Looking at Germany’s GDP breakdown, it’s interesting to note that household expenditures kept a quite steady proportion throughout the whole period, except around the 2008 financial crisis, of which the impact is quite noticeable for all three countries, with Germany’s gross capital formation also having a clear dip around that time. Germany being the only out of the three countries that is part of the European union, it is also interesting to note their exports increasing after the Maastricht, Amsterdam and Lisbon treaties were put into place. On a different note, we would also expect the reunification of the west and east Germanies to have a clear impact on the proportion of government expenditure, yet there does not seem to be.

India’s GDP breakdown is quite different from Germany’s.
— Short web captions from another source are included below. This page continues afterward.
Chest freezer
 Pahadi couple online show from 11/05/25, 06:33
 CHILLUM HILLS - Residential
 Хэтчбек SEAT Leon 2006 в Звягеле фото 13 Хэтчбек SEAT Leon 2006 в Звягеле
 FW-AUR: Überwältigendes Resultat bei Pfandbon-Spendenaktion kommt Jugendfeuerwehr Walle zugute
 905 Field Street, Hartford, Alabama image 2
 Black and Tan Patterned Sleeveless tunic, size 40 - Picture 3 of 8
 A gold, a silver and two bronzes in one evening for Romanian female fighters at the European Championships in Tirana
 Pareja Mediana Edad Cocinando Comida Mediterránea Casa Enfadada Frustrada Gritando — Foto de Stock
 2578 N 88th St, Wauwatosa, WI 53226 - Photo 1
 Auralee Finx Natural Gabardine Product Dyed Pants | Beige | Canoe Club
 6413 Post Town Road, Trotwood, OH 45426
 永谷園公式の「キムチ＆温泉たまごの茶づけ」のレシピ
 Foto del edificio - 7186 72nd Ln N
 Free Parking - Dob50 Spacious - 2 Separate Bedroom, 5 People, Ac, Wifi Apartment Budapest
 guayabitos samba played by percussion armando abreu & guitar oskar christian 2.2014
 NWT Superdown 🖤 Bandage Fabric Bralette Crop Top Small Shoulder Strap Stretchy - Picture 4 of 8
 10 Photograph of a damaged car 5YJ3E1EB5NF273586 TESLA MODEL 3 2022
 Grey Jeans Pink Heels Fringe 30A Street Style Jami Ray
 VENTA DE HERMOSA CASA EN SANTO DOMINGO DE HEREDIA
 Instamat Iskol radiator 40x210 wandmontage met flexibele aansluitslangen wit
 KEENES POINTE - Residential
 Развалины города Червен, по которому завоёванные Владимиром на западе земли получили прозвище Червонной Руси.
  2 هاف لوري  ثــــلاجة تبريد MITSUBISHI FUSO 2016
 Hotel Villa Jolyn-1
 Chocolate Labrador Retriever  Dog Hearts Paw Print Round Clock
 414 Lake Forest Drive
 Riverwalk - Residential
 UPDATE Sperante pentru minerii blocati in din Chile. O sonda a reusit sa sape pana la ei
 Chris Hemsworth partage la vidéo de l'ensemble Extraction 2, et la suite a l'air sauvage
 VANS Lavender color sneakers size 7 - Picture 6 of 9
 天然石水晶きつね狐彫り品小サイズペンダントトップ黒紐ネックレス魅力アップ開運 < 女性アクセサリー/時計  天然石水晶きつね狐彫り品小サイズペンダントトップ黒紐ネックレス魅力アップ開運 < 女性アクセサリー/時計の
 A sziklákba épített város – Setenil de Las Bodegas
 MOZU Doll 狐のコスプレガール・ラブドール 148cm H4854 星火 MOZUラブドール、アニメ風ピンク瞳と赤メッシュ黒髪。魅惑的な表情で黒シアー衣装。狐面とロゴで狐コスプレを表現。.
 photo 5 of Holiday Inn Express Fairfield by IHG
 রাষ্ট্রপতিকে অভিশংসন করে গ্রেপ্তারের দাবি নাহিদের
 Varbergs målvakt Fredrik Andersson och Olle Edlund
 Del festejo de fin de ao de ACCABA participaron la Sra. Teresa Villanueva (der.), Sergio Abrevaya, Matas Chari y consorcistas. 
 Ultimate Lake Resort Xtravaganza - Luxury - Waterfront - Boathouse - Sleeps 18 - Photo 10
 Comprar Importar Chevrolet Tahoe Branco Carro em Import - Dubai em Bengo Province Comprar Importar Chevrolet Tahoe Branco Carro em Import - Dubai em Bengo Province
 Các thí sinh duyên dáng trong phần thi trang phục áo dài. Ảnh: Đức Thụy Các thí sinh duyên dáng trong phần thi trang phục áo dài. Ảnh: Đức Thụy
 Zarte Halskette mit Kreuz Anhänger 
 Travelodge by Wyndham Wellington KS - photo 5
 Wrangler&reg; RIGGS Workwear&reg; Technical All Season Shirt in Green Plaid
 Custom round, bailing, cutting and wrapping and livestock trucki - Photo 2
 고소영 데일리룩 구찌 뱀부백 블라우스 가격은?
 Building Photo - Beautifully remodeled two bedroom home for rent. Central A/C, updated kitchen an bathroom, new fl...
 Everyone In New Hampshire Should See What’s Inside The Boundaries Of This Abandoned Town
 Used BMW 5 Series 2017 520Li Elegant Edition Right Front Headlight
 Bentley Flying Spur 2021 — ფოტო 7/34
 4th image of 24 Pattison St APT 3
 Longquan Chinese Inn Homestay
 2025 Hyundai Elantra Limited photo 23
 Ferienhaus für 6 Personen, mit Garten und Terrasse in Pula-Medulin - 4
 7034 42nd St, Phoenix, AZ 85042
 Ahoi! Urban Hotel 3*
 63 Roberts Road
The 2008 financial crisis is quite noticeable as well and seems to particularly have impacted exports, as other countries lost disposable income. It is interesting to note that the government expenditure is around 15% of the GDP throughout the whole period, yet that gross capital formation gains a bigger proportion whilst the proportion of household expenditure keeps on decreasing. We can infer that this is due to a growing population, with increased inequalities; bigger companies and more billionaires, but also more poverty, resulting in less household expenditure.

The United States’ GDP split also showcases the impact of the 2008’s financial crisis, for instance with the Federal Reserve’s help towards the bank creating a small red bump in the late 2000s, early 2010s. Overall, government expenditure’s proportion kept on decreasing as republicans were in office, reducing government spending. It is interesting to note that other major financial crisis did not really impact the way the GDP is split up (2001, 1987).